(Pictures with short captions)
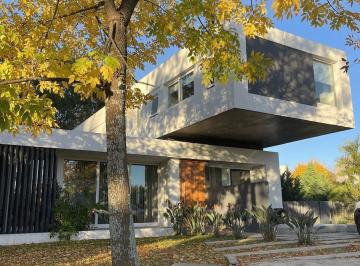 Casa · 265m² · 5 Ambientes · 2 Cocheras · Casa de Diseño en Grand Bell II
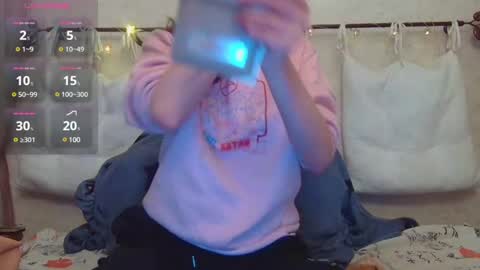Snapshot of alicewoolfy chatting on December 6, 8:06 pm AliceWoolfy online show from December 6, 8:06 pm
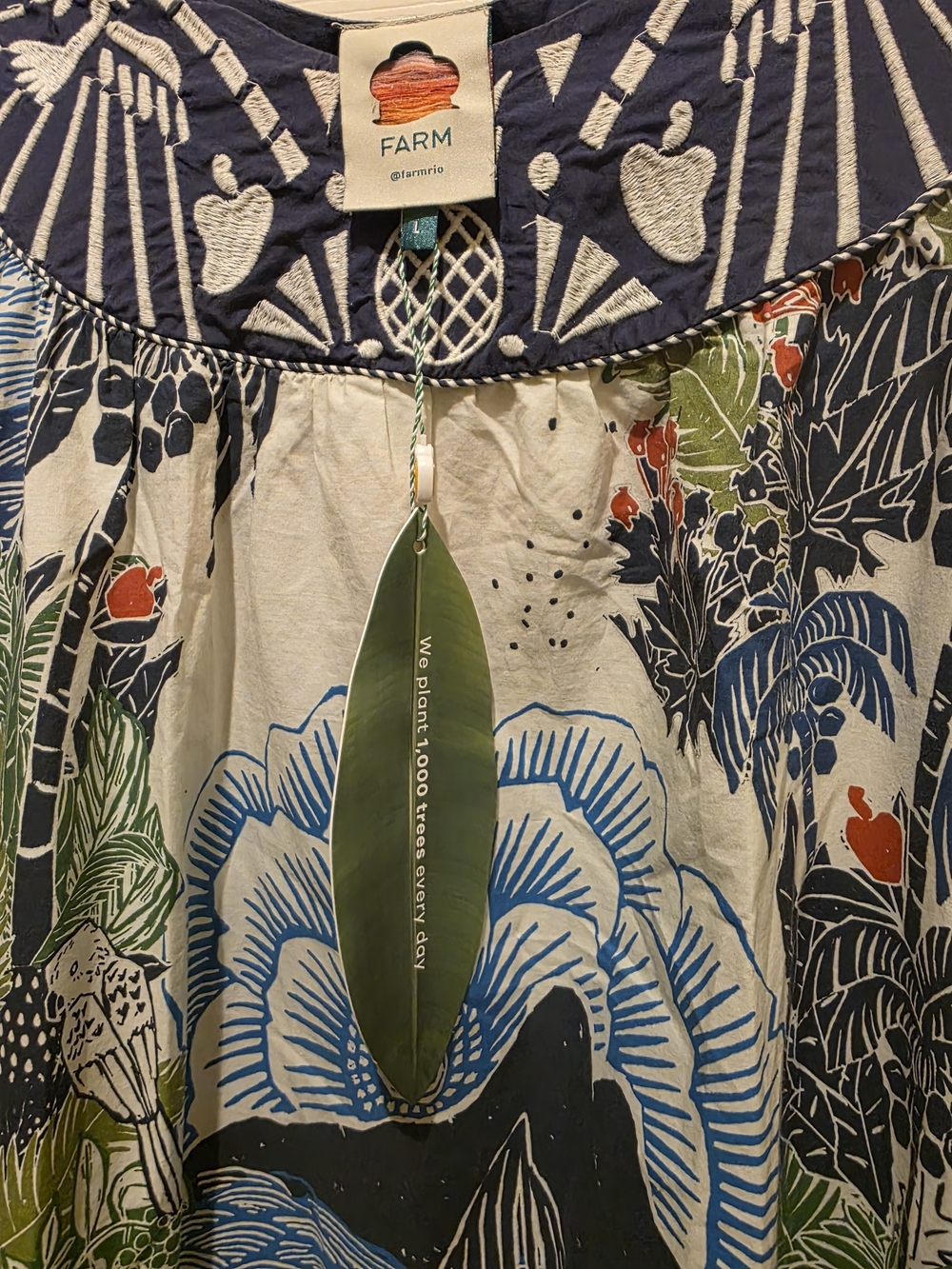 FARM Rio Graphic Rio Maxi Dress - Picture 4 of 6
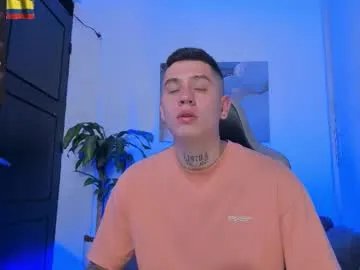 Freechat yeiko_romero_ on Chaturbate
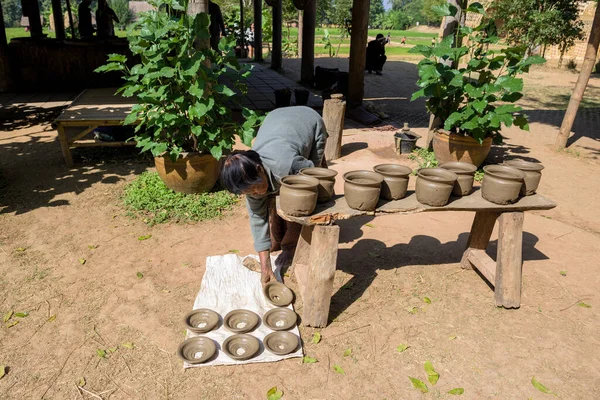 Nakhon Ratchasima Thailand December 2016 Unidentified Old Woman Potter Making — Stock Photo, Image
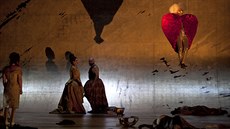 Scéna z Monteverdiho Korunovace Poppey v berlínské Státní opee Pod lipami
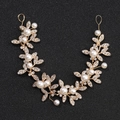 Eleganter goldener Braut-Haarschmuck mit weißen Perlen und funkelnden Strasssteinen - Gold
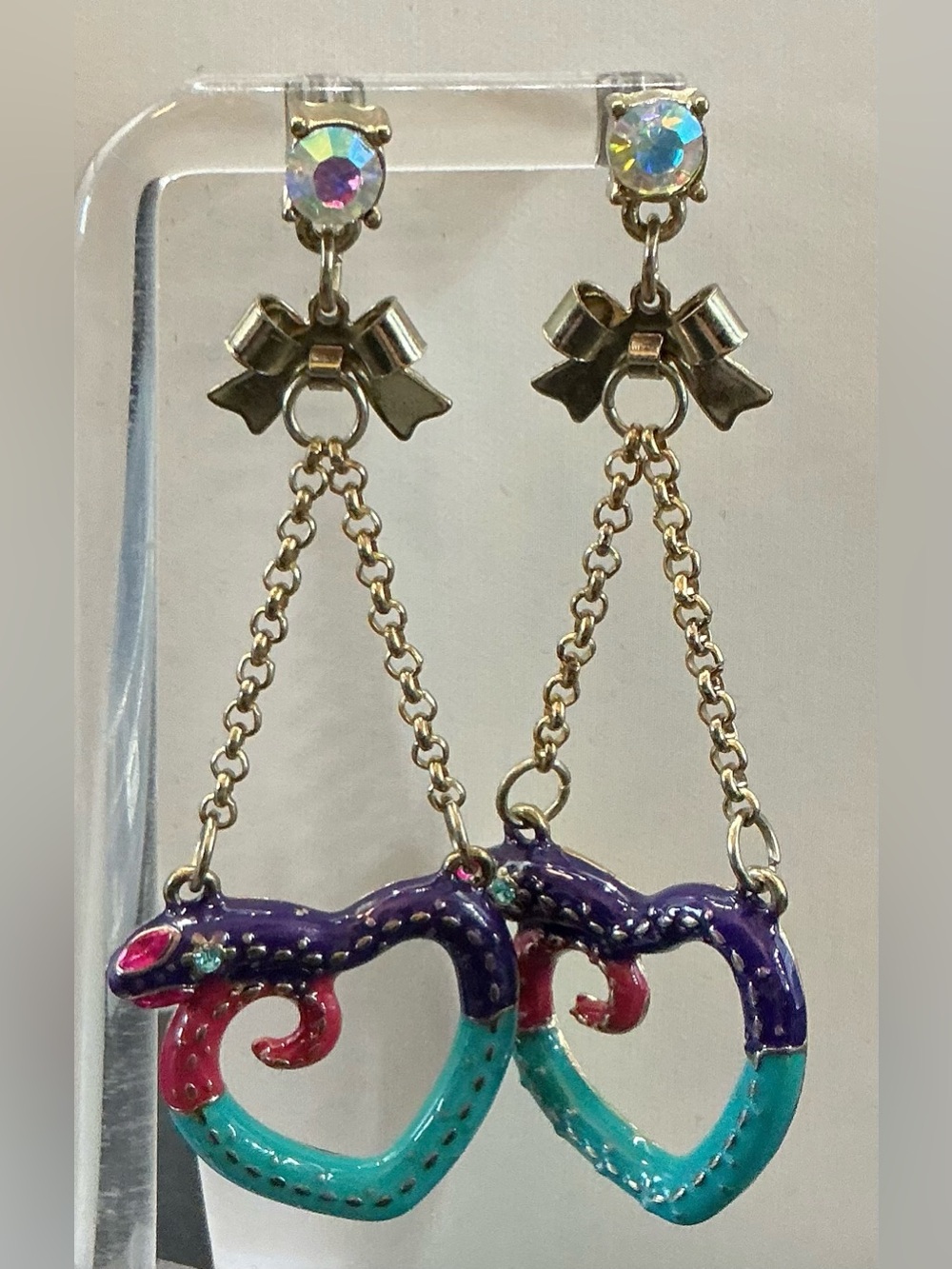 BETSEY JOHNSON MULTI COLOR HEART SHAPED SNAKE DROP EARRINGS 3”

-- REQUIRED ACTION --
With the pictures excluded, the records are to be reproduced exactly.

-- OUTPUT OF THE EXERCISE --
 Casa · 265m² · 5 Ambientes · 2 Cocheras · Casa de Diseño en Grand Bell II
Snapshot of alicewoolfy chatting on December 6, 8:06 pm AliceWoolfy online show from December 6, 8:06 pm
 FARM Rio Graphic Rio Maxi Dress - Picture 4 of 6
 Freechat yeiko_romero_ on Chaturbate
 Nakhon Ratchasima Thailand December 2016 Unidentified Old Woman Potter Making — Stock Photo, Image
 Scéna z Monteverdiho Korunovace Poppey v berlínské Státní opee Pod lipami
 Eleganter goldener Braut-Haarschmuck mit weißen Perlen und funkelnden Strasssteinen - Gold
 BETSEY JOHNSON MULTI COLOR HEART SHAPED SNAKE DROP EARRINGS 3”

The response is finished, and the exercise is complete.